At its heart, service learning is essentially experiential education par excellence. Students engaged in service learning programs are challenged to wrestle with their own perceptions, viewpoints, stereotypes, prejudices and attitudes through continual reflective activities, while working together on a service project that meets a real community need. The lessons learned and the objectives achieved will vary due to the context of the project and the particular issues being addressed through the program and the reflection sessions. Character development, interfaith religious education, ethnic conflict resolution, religious education as a process of liberation, the individual in community, gender roles, and personal growth and development are just a few of the issues for which service learning can be utilized for effective teaching and learning.

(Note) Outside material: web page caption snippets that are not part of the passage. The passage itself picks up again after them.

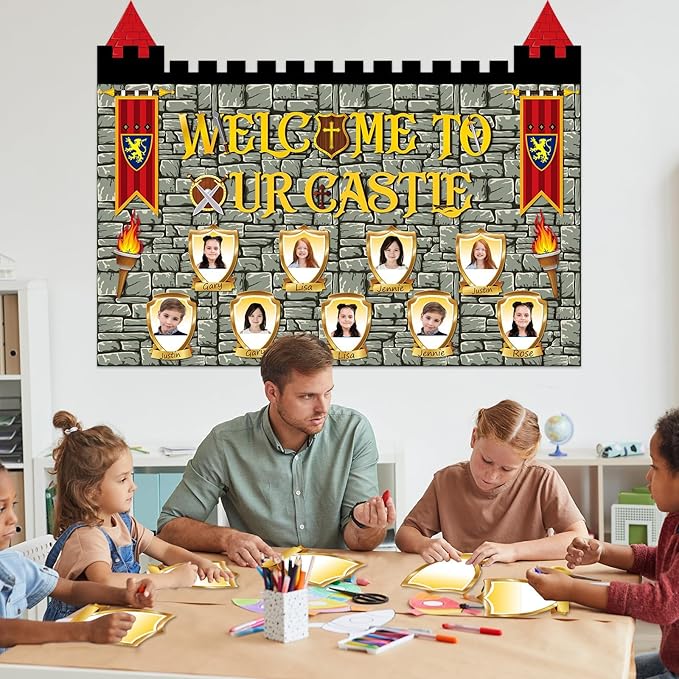 party greeting Medieval Bulletin Board Set Halloween Bulletin Board Medieval Shield Classroom Decorations Castle Theme Paper Cutouts for Renaissance Back to School Classroom Chalkboard Wall Door Decor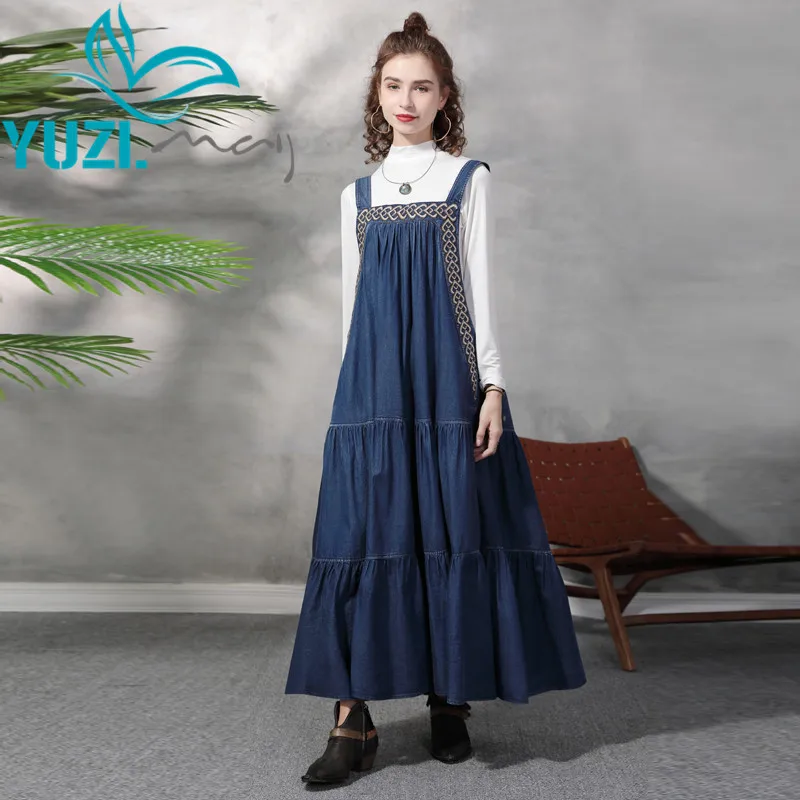 Dress For Women 2021 Yuzi.may Boho New Denim Dresses Vintage Embroidery Ruffles Hem A-Line Suspender Vestidos A82365 Vestido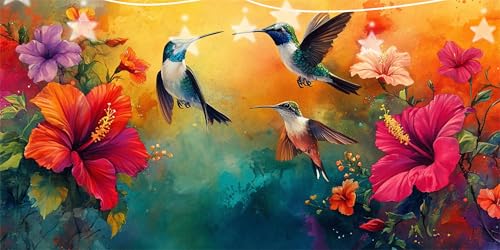 Diamond Painting Rot Diamant Paintings Vogel Diamond Painting Erwachsene Anfänger, 5D Mosaikherstellung Arts Craft, Crystal Stickerei Diamant Malerei für Aesthetic Wanddeko Schlafzimmer 40x80cm G6-39 von Doontiny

When people hear the term “service learning,” they often think of community service projects and volunteer programs. However, these are not the same as service learning programs. Nor is the learning in a simple community service project the same as what is gained in service learning. An act of service in and of itself is “good” and can be a powerful learning experience. However, if nothing more is done with the experience, it can, and often does, fade into the backwaters of the student’s memory, with the probable result of having learned little or nothing at all. Why? There is no anchoring action or component in the project that anchors the experience to a learning task. That is the limitation of straightforward “service projects” or “community service work.” These programs have no clear anchor or learning component. Consequently, any learning that takes place is contingent on the student’s experience of feeling good or feeling satisfied by the act of service. Because that feeling is not easily sustained, it fades into his or her memory as a “nice experience.”

Service learning is different, however, because there are two dynamics at work in a service-learning program. First is the service act itself. Through that selfless act, our attitudes, emotions, and feelings are gradually awakened and stimulated. We experience what Thomas Lickona calls “moral feeling.” (Lickona 1991) The service activity triggers moral feeling which in turn opens us up to begin to experience the holy. It also creates a fertile seedbed for a sense of humility that allows us to see and learn those things that we may have been too closed and set in our ways to see before. This then sets the stage for the second dynamic of service learning: reflection.

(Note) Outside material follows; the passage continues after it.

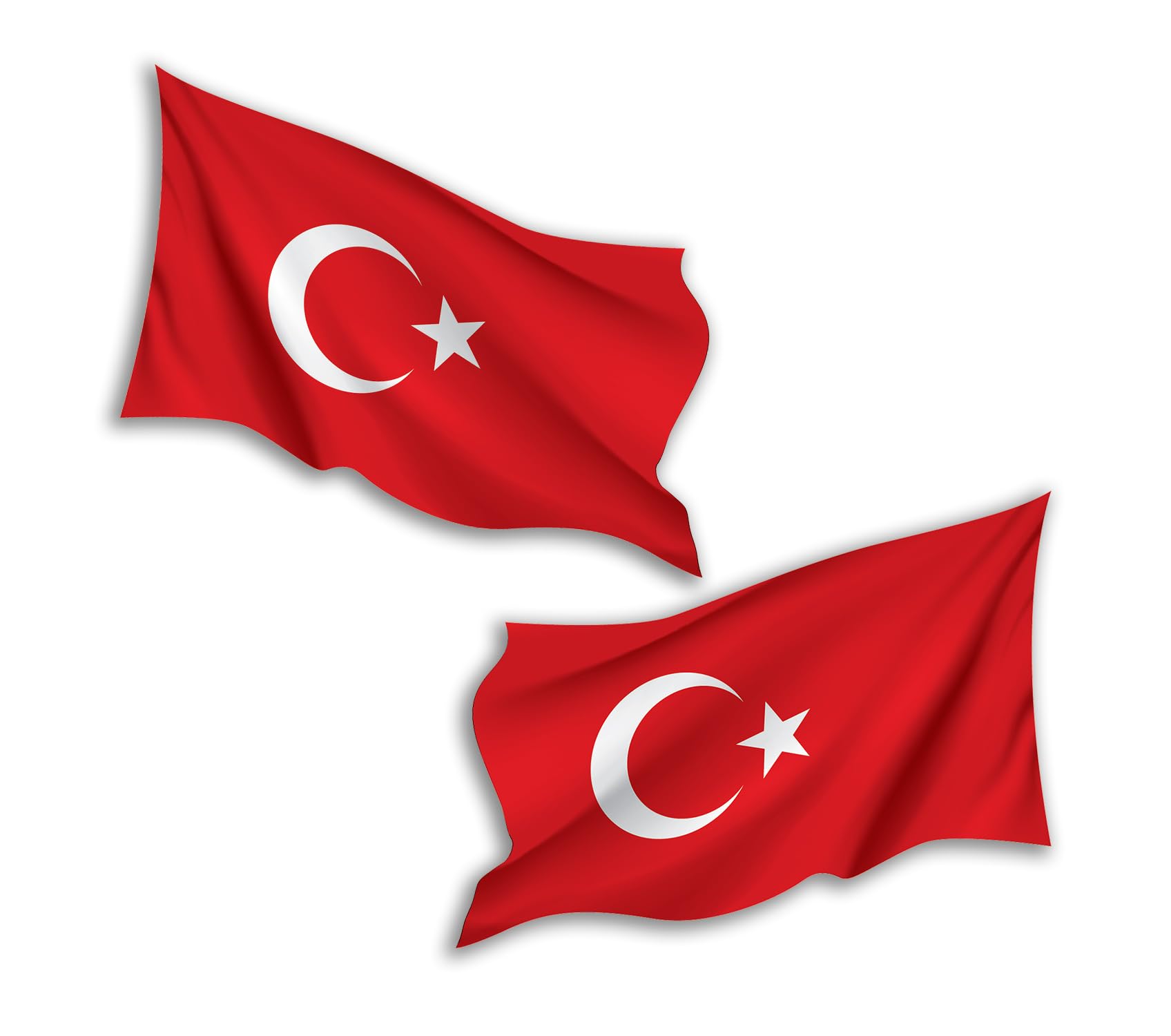 2 x 20cm Waving Türkiye Flag Vinyl Stickers - Turkey Travel Adventure World Country Location Decal Scrapbook Luggage Sticker #81790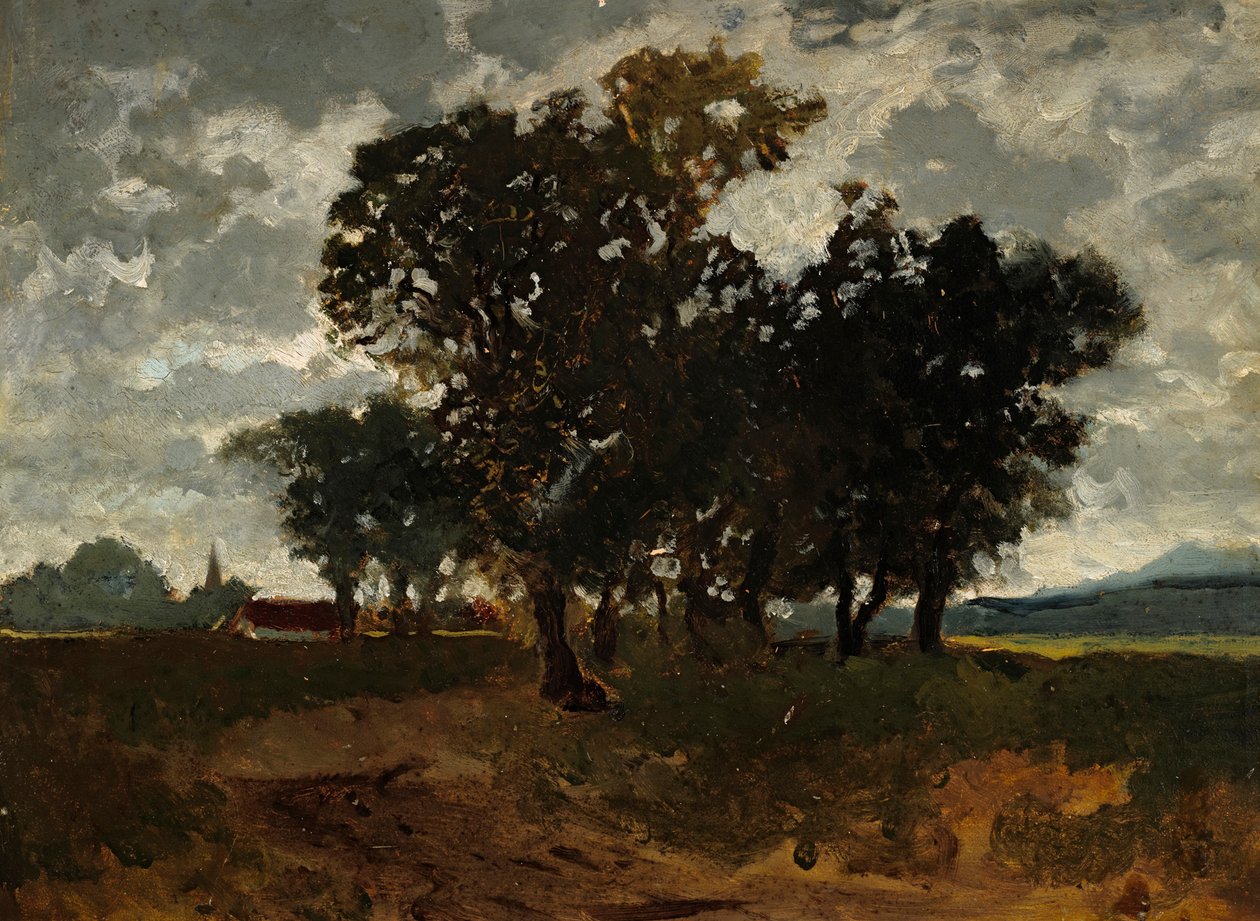 Landschap met boomgroep door Fritz Baer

Reflection is the heart of service learning. It is the place where learning takes place in a service-learning program. Reflection is an intentional and guided activity that takes place before, during and after the service activity. It is where educators have the greatest opportunity to facilitate real growth and learning. As Janet Eyler and Dwight Giles point out, “Learning occurs through a cycle of action and reflection, not simply through being able to recount what has been learned through reading and lecture.” (Eyler 1999, 7) Through the reflection periods, participants are encouraged and challenged to reflect on and evaluate their deepest held beliefs, address their personal perceptions and stereotypes, and generally question what they hold to be true. This is also where they connect theory to a lived experience. They do this personally, socially in relationship with the other participants in the project, and contextually. As the Vanderbilt Study on National Service indicated: “In practice it is critical reflection… that provides the transformative link between the action of serving and the ideas and understanding of learning.” (Winings 2002, 110)

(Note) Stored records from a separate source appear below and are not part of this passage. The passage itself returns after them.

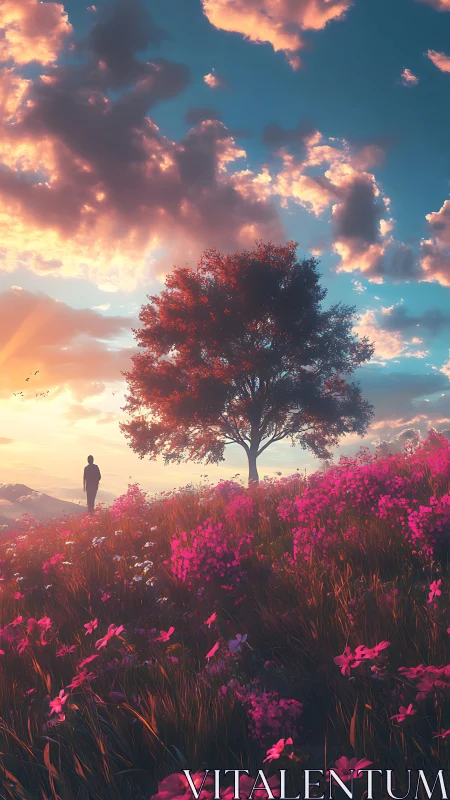 Solitary figure on wildflower hill under luminous sunset sky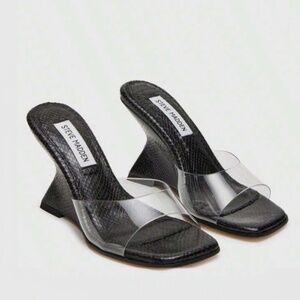 Steve Madden Serpent Black Wedges with clear PVC size 10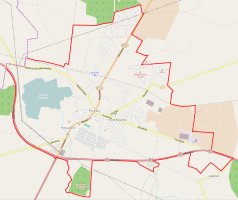 Mapa konturowa Pniew, blisko centrum na lewo znajduje się punkt z opisem „Parafia św. Wawrzyńca”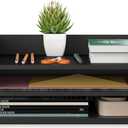 Ballucci 3-Tier Desk Organizer with 2 Side Mail Sorter Slots, Wood Letter Tray, Open Top Paper Organizer, Desktop File Organizer, Black (16.5" x 9.5" x 6.5")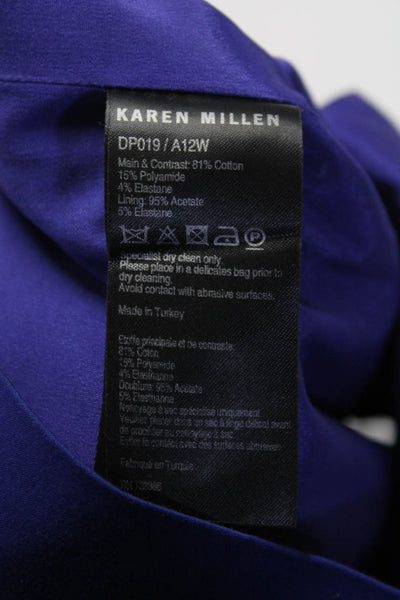 Karen Millen Womens Back Zip Sleeveless Sheath Dress Blue Black Cotton Size 8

This is why, in my opinion, service learning holds so much promise for sound religious education practice. The student’s reflections on his or her service experience become filled with the energy and spirit of the project. This generates an environment of love, humility and faith that Paolo Freire sees as being so important for true dialogue and understanding. (Fleischer 2000, 220) Yet, the learning goes way beyond just environment and feeling. It allows the student to experience what Ronald Cram calls a “mindful transcend­ence” and to “socially locate” him/herself within a particular community at a particular time and in a particular context. (Cram 2001, 167) In essence, reflection in service learning challenges and supports each person in confronting their own perceptions while trying to hear each other and understand each other’s perspective, maybe for the first time. It allows all participants to be in the kind of relationship that Katherine Turpin described in her analysis of a multicultural future:

To be in relationship across cultural boundaries requires wrestling with real differences about important issues, addressing differences of power and privilege, and struggling to hear one another when people speak in different languages and metaphors, and express diverse values and ways of being. (Moore 2004, 299)

Service learning also addresses the lack of connectedness that was the focus of Norma C. Everist’s article a few years ago. There is no better way to “meet the peoples of God in the many arenas of their daily, public lives, and help each other speak about beliefs in those terms” and to “become a multilingual learning community, meeting God in new ways” than through service learning. (Everist 2001, 309)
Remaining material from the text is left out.